## Task directions:
An exact copy of every entry below is required, and no picture may appear in it.

## Data extracts:
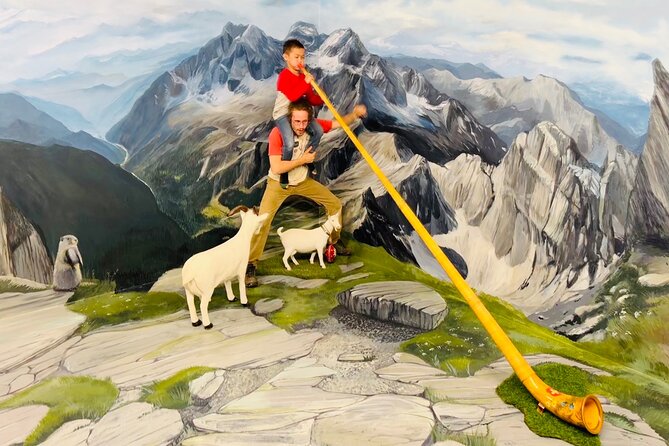 Admission Ticket to the Swiss Selfie Museum in Interlaken - Getting there at Bahnhofstrasse 24 in Unterseen
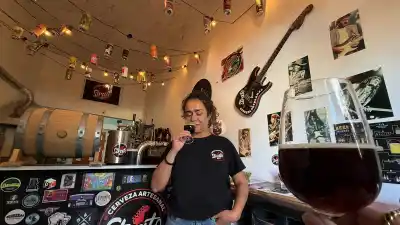La única mujer que elabora cerveza en San Juan y su lucha por dejar de serlo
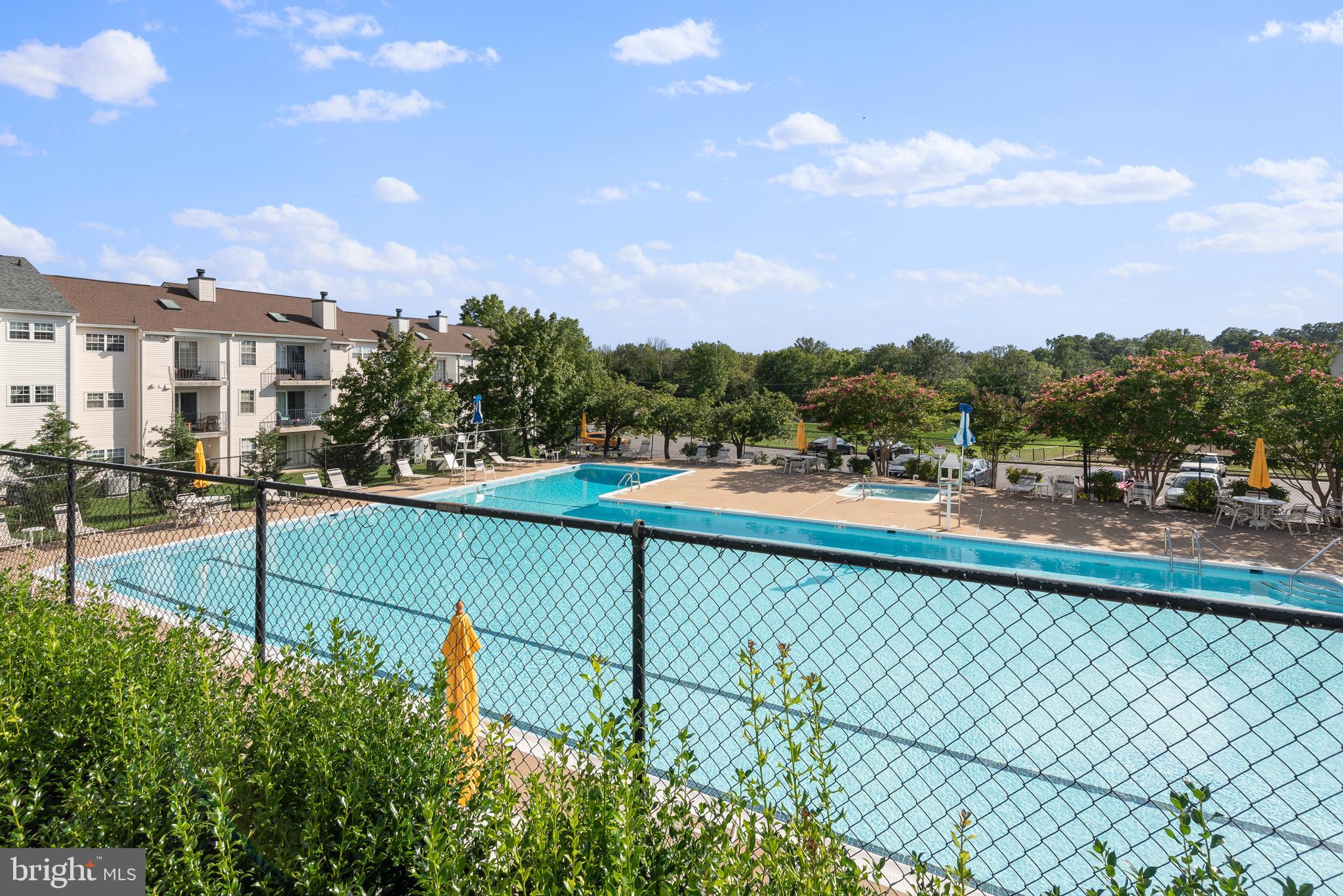 103 Fort Evans Road Southeast, Unit B Leesburg, VA 20175 - Photo 25 of 26 Community Pool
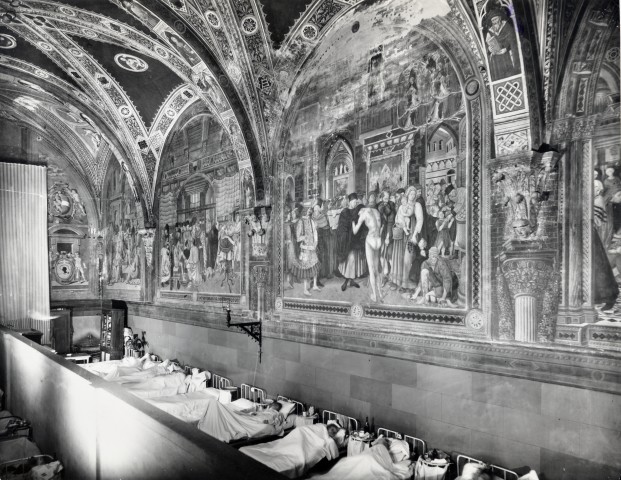FONDAZIONE ZERI CATALOGO Domenico di Bartolo, Distribuzione delle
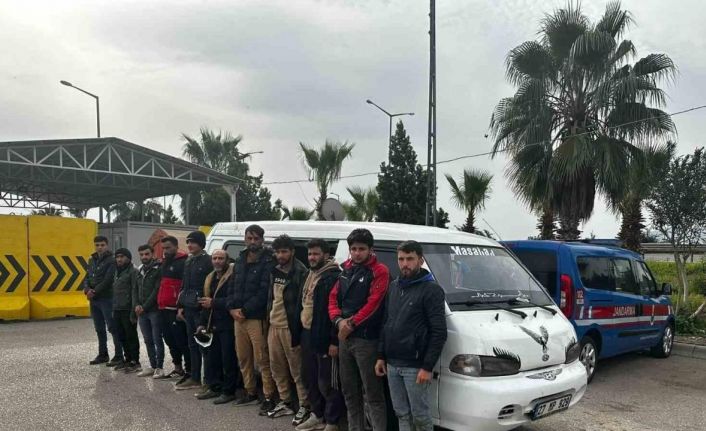 Adana’da göçmen kaçakçılığı yapan iki kişi tutuklandı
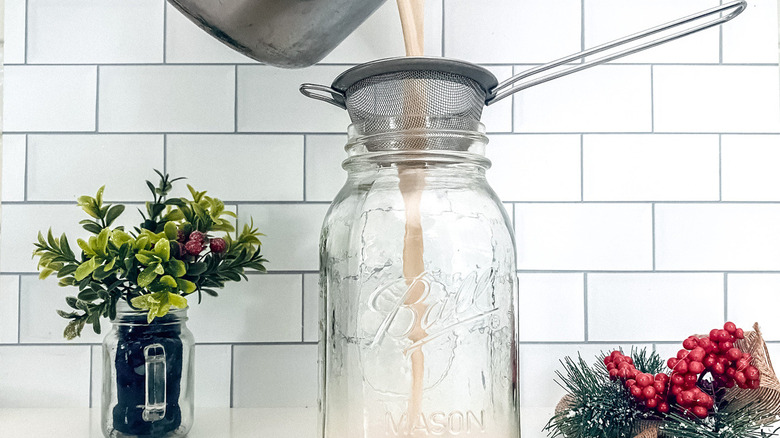 strainer and mason jar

## Written solution:
 Admission Ticket to the Swiss Selfie Museum in Interlaken - Getting there at Bahnhofstrasse 24 in Unterseen
La única mujer que elabora cerveza en San Juan y su lucha por dejar de serlo
 103 Fort Evans Road Southeast, Unit B Leesburg, VA 20175 - Photo 25 of 26 Community Pool
FONDAZIONE ZERI CATALOGO Domenico di Bartolo, Distribuzione delle
 Adana’da göçmen kaçakçılığı yapan iki kişi tutuklandı
 strainer and mason jar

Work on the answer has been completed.